All lines from the line containing "vidaXL Highboard z" up to and including the last line of the entries must be written out exactly, with no others.

GIVEN DATA below:

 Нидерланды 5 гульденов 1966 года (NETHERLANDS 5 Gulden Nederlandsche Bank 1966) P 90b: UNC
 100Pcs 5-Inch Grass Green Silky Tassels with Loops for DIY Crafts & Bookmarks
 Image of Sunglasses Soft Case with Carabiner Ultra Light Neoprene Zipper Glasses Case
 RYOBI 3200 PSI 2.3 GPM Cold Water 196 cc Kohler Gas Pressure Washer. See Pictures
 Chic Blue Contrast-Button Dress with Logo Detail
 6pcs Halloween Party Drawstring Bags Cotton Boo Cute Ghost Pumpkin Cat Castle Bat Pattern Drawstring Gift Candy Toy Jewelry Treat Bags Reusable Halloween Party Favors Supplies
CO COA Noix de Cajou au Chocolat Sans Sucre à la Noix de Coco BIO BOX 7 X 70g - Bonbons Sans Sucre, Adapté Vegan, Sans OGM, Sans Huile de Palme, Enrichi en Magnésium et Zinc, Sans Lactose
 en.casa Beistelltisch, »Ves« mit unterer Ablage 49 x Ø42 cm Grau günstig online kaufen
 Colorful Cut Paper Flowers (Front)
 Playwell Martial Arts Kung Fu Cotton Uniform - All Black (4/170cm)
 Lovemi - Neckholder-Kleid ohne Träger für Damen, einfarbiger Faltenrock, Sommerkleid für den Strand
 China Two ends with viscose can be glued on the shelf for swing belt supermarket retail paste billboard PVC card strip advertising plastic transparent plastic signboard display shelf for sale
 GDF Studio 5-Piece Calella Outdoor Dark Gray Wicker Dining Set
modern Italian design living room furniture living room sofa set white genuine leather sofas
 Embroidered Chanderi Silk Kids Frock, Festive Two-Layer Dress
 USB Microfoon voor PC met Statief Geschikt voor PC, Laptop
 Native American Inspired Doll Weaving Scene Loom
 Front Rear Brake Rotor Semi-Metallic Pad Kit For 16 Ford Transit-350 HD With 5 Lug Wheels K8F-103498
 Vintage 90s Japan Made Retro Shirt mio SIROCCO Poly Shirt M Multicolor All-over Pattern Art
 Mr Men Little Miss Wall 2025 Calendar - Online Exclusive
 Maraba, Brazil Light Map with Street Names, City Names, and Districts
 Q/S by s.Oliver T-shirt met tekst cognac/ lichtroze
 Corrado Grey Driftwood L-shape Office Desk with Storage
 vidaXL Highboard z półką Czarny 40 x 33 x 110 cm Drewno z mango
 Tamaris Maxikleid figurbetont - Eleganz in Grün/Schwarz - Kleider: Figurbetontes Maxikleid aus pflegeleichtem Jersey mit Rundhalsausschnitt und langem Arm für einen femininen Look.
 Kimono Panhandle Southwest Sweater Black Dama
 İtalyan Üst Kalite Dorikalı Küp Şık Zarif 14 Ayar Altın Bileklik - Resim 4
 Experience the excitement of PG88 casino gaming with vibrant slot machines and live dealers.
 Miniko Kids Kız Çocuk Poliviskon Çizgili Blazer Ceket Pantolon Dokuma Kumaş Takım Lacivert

End of GIVEN DATA.

● **REPLY TO THE TASK**:
 vidaXL Highboard z półką Czarny 40 x 33 x 110 cm Drewno z mango
 Tamaris Maxikleid figurbetont - Eleganz in Grün/Schwarz - Kleider: Figurbetontes Maxikleid aus pflegeleichtem Jersey mit Rundhalsausschnitt und langem Arm für einen femininen Look.
 Kimono Panhandle Southwest Sweater Black Dama
 İtalyan Üst Kalite Dorikalı Küp Şık Zarif 14 Ayar Altın Bileklik - Resim 4
 Experience the excitement of PG88 casino gaming with vibrant slot machines and live dealers.
 Miniko Kids Kız Çocuk Poliviskon Çizgili Blazer Ceket Pantolon Dokuma Kumaş Takım Lacivert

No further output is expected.